[PROVIDED ENTRIES]

◆ ◆ ◆ ◆

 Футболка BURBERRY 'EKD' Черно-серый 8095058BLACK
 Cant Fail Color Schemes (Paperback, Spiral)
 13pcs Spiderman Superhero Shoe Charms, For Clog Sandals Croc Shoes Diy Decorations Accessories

◆ ◆ ◆ ◆

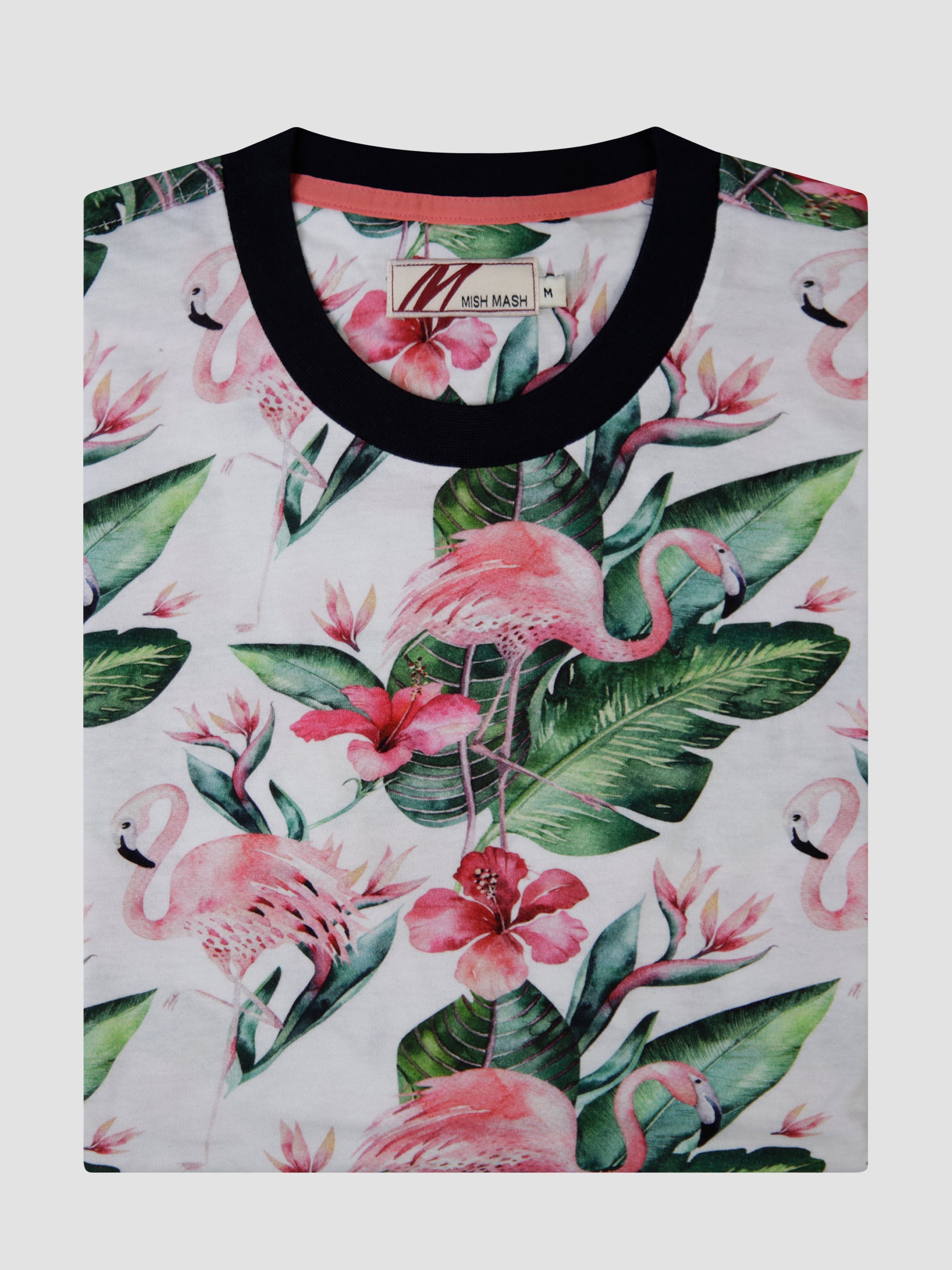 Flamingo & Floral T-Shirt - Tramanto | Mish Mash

◆ ◆ ◆ ◆

[EXERCISE REQUIREMENTS] The answer is the lines above between the line holding "Футболка BURBERRY 'EKD'" and the line holding "13pcs Spiderman Superhero", inclusive, each written out exactly, and no others.

[COMPLETED TASK]
 Футболка BURBERRY 'EKD' Черно-серый 8095058BLACK
 Cant Fail Color Schemes (Paperback, Spiral)
 13pcs Spiderman Superhero Shoe Charms, For Clog Sandals Croc Shoes Diy Decorations Accessories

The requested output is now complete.